Neils Bohr is said to have remarked that the opposite of a simple truth is a lie but the opposite of a profound truth is another profound truth. When the Ritva wrote that דכל שהוא מפני דרכי שלום אין בו משום מדבר שקר תרחק anything undertaken for the sake of peace does not fall under the prohibition against lying it is because human harmony and peaceful relations is a profound truth. Every bride is beautiful and gracious in the eyes of her beloved and the small deviations from truth that enable people to live together in peace are themselves expressions of a higher truth.

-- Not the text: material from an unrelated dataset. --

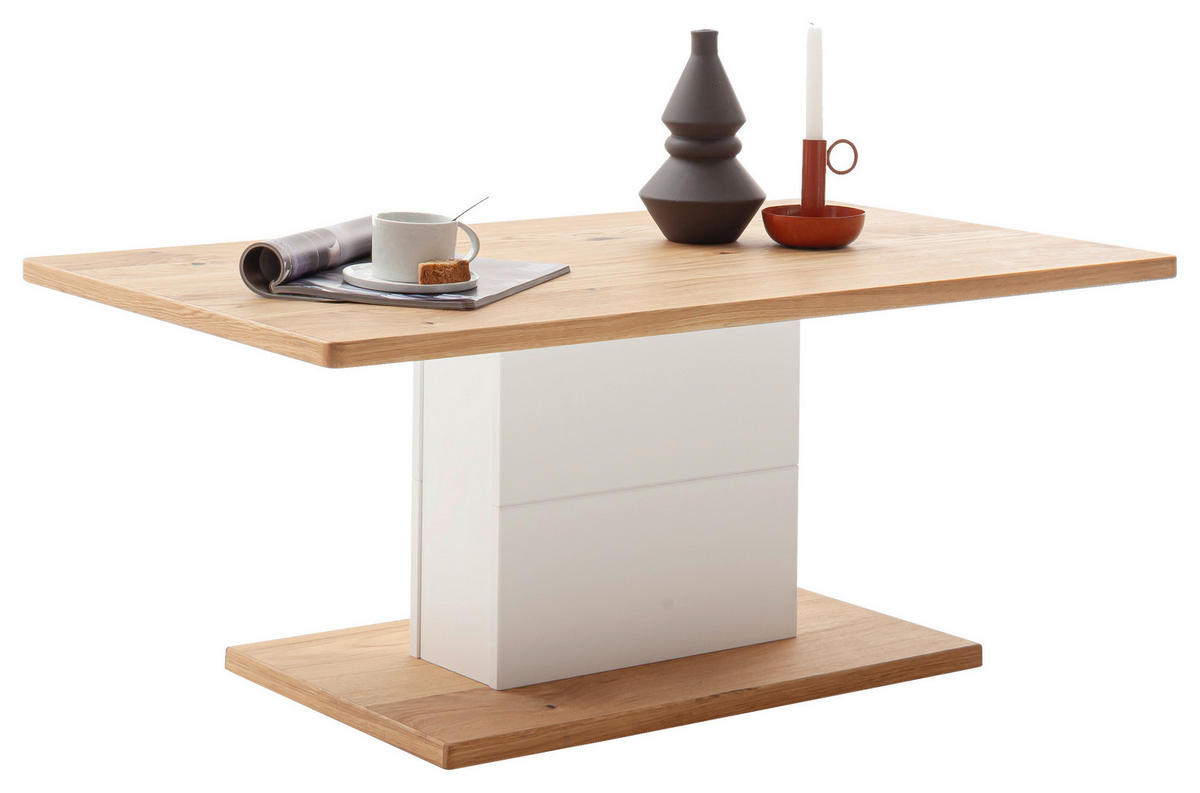 COUCHTISCH Asteiche furniert 110/65/45 cm rechteckig Weiß, Eichefarben  - Eichefarben/Weiß, Natur, Holz/Holzwerkstoff (110/65/45cm) - Novel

As Zechariah said, וְהָאֱמֶ֥ת וְהַשָּׁל֖וֹם אֱהָֽבוּ׃ – we are meant to love both truth and peace and we can do that when we recognize the higher truth that peace entails.
The Prayer for Peace, inspired by Rav Nachamn of Breslov that we have recited here also alludes to this higher truth when it invokes הָאֱמֶת לַאֲמִתּוֹ the truth in all its depth, the ultimate truth, the most true thing that can be, which is that God created us to seek out God and to seek out one another and that these two quests are one and the same.
There are two Tisha b’Av customs that speak to these two alienations.
There is a widespread custom each year after Tisha b’Av to store the Tisha b’Av kinot books together with the sheimot – our worn out sacred books that await burial – as a way to indicate our hope that we have observed the last Tisha b’Av with fasting and mourning and we will not need our collections of lamentations and dirges again. I thought of that custom when the shul maintenance staff hauled our own kinot books out of storage on Friday and placed them in the office ready for use tonight. It was a sad moment because it brought home to me that another year had gone by in which we still live estranged from God and a beit hamikdash seems farther away than ever.
Another Tisha b’Av custom which I find particularly meaningful is the custom to refrain from extending greetings to one another, as if we are mourners in a shivah home. We gather each summer, in perhaps the largest gathering in weeks in the midst of various summer travels, but we come and go in relative silence. In this way too, our isolation, even in a big crowd, can remind us that our mourning is because of our inability to see the other and to recognize their infinite value as someone created in the Divine image. Most painful of all to me this year is contemplating how often we fail to see the encounter with another as an encounter with the Divine,
When we can see others, however foreign, however frightening, as being the product of a Divine creation, then these days will be transformed לְשָׂשׂ֣וֹן וּלְשִׂמְחָ֔ה וּֽלְמֹעֲדִ֖ים טוֹבִ֑ים to days of joy and rejoicing and as special occasions.
Until then I wish you all an easy fast.